2. Goods and Services Tax

Most products and services traded in the Australian market must go through a value-added tax of 10%. The exception to this?  Companies that are not registered under GST. However, you are required to do so if your turnover is above a minimum amount ($75,000 per annum, as of this writing).

While it is unlikely for a startup to reach that amount in their first years (bravo to you if you do), you are still free to register if you choose to do so. Either way, you will eventually have to deal with this tax law down the line.

3. Payroll Tax

Do you have employees, and do you pay them beyond the tax exemption threshold? If you answered yes to both questions, then this should be on your watchlist. We have the table below to help distinguish the threshold and tax rates of states or territories.

State/Territory

Monthly threshold

Annual threshold

Rate

Australian Capital Territory

$2,000,000

$166,166.16

6.85%

New South Wales

$750,000

$57,534 (28-day month)

$61,644 (30-day month)

$63,699 (31-day month)

5.45%

Northern Territory

$1,500,000

$125,000

5.50%

Queensland

$1,100,100

$91,666

4.75%

South Australia

$600,000

$50,000

4.95%

Tasmania

$1,250,000

$95,890 (28-day month)

$102,740 (30-day month)

$106,164 (31-day month)

6.1%

Victoria

$575,000

$47,916

4.85%

Western Australia

$850,000

$850,000 - $7.5 million (diminishing threshold)

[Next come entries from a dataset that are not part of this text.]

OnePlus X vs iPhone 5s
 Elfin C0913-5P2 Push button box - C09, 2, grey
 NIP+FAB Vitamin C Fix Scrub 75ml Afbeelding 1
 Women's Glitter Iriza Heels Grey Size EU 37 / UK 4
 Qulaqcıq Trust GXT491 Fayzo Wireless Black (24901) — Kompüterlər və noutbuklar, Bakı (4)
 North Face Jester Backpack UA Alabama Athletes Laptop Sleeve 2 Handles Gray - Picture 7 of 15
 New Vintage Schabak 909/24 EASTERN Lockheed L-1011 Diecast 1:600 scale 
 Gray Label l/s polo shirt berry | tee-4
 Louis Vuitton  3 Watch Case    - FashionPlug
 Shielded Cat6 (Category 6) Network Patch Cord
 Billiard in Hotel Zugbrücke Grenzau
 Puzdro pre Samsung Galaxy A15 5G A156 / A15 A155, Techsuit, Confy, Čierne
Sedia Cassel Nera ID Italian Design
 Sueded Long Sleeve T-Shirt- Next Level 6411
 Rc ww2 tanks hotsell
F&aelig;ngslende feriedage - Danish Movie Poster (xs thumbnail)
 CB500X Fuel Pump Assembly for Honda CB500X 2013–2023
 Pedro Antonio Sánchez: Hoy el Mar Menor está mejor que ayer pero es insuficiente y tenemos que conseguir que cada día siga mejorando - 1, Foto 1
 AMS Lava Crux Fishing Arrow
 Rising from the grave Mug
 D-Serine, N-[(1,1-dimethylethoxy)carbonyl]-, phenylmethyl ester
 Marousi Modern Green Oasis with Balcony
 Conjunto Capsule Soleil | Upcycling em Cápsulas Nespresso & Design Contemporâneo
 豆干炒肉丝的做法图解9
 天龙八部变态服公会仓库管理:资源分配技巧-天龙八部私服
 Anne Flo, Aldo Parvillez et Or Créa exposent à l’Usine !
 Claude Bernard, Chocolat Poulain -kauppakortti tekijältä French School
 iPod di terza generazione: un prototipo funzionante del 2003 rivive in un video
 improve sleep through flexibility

≥ $7.5 million (no threshold granted)

$70,833

5.5%


4. Company Tax

This is one of the most obvious reasons why your business’s structure dictates which taxes you should pay. As the name implies, this tax is set by the Australian Tax Office (ATO) for both local and non-resident companies. Both calculate using the same rates and use Australian money.

The rates vary when it comes to your business structure or industry. For example, life insurance companies will see dramatically different rates than non-profit companies. If you would like to know more, follow this link to the ATO website for more information.

5. Superannuation

This is the government’s retirement program, where each employee accrues funds in order to have income once they retire. You are required to pay these at least four times each year and on time—or be penalised. The amount is dependent on how much they earn during  their regular work hours. In a sole trader or partnership structure, you are not required to pay super for yourself, but you can still choose to do so.

Deductions and offsets

While technically not a tax law, it can indirectly affect the amount you pay in a good way. Whenever you spend money on your business, you are able to record this amount as a tax deduction and pay less in your income taxes. Here are a few examples of what is included in deductions:

  • Rent or lease-payments
  • Telephone and internet expenses
  • Bank fees and charges
  • Tools and other equipment

Tax offsets also reduce the amount of tax you pay—potentially to zero. The difference is that they’re dependent on government programs rather than your specific actions. Examples include health insurance, government benefits, and foreign income tax offset.